Nov. 14 (UPI) -- Investigators examining the crash of Malaysia Airlines Flight 17 on Thursday released audio recordings of phone calls between Ukrainian separatists and top Russian officials.
The airliner was shot down on July 17, 2014, while flying from Amsterdam to Kuala Lumpur. Nearly 300 passengers and crew were killed. The years-long investigation has so far said the plane was shot down by a Russian-made surface-to-air missile, although Moscow has denied involvement.
Dutch crash investigators said the audio records show almost daily contact between separatists in the Donetsk People's Republic and "leaders in Moscow." The calls were intercepted in the weeks leading up to the crash of MH17.
"They spoke with leaders in Moscow, near the border with Ukraine and in Crimea," the investigators said Thursday. "Communication mostly took place via secure telephones provided by the Russian security service."
In the phone calls, investigators say, separatist leader Alexander Borodai spoke once to a Russian official and said he was "carrying out orders and protecting the interests" of Russia.

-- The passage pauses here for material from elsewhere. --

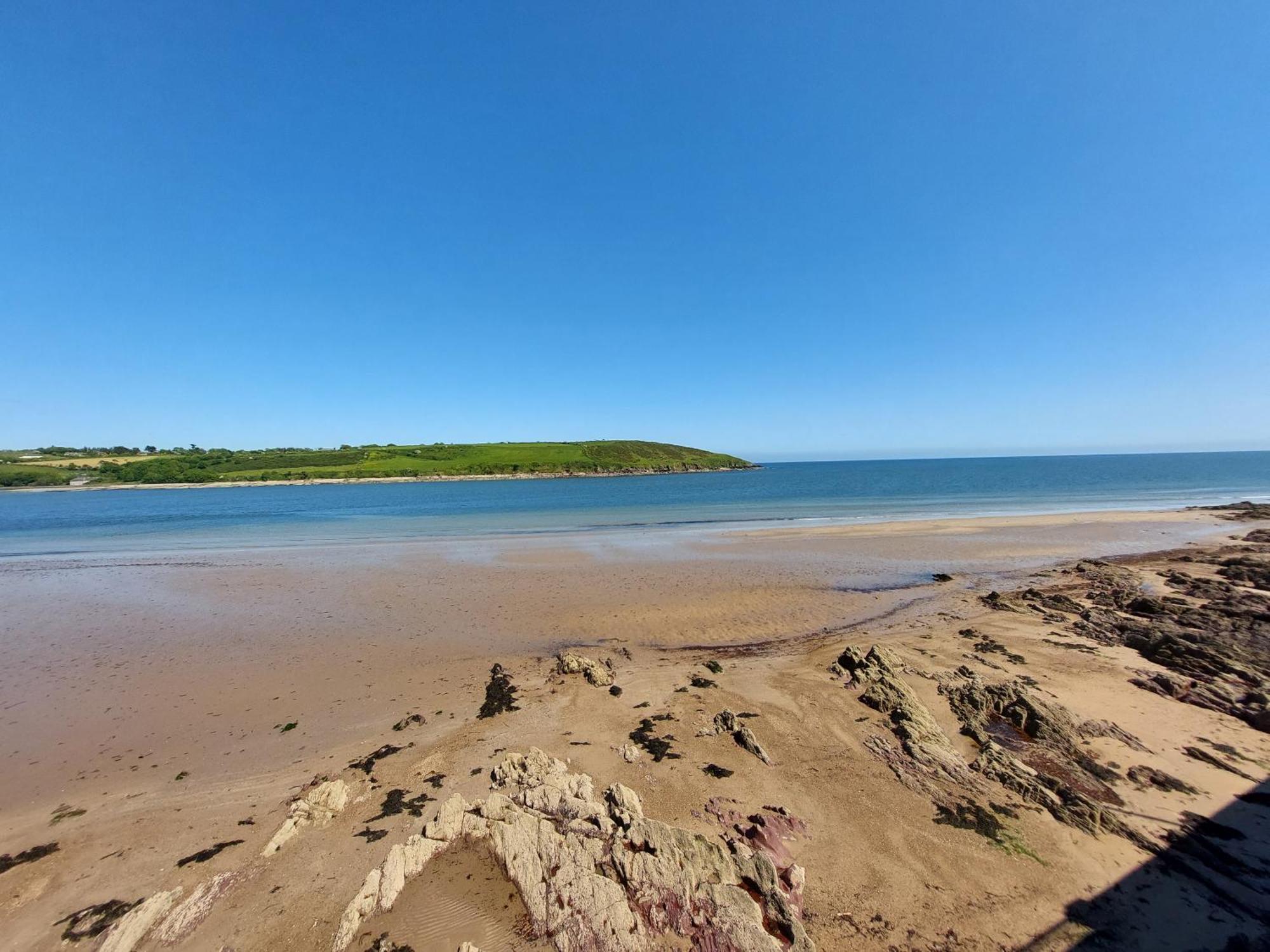 Sea Whispers - My Charming Costal Retreat In Youghal Exterior foto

"That's the bottom line," he said.
In other calls, a separatist commander said "men are coming with a mandate" from Russian defense minister Sergey Shoygu and another was told the separatists would receive military support from Moscow.
Investigators say they have been told by former fighters the Russian security service FSB and GRU intelligence agency were involved in managing separatists.
The Joint Investigation Team has so far charged three Russians and one Ukrainian in connection with the downing of the flight.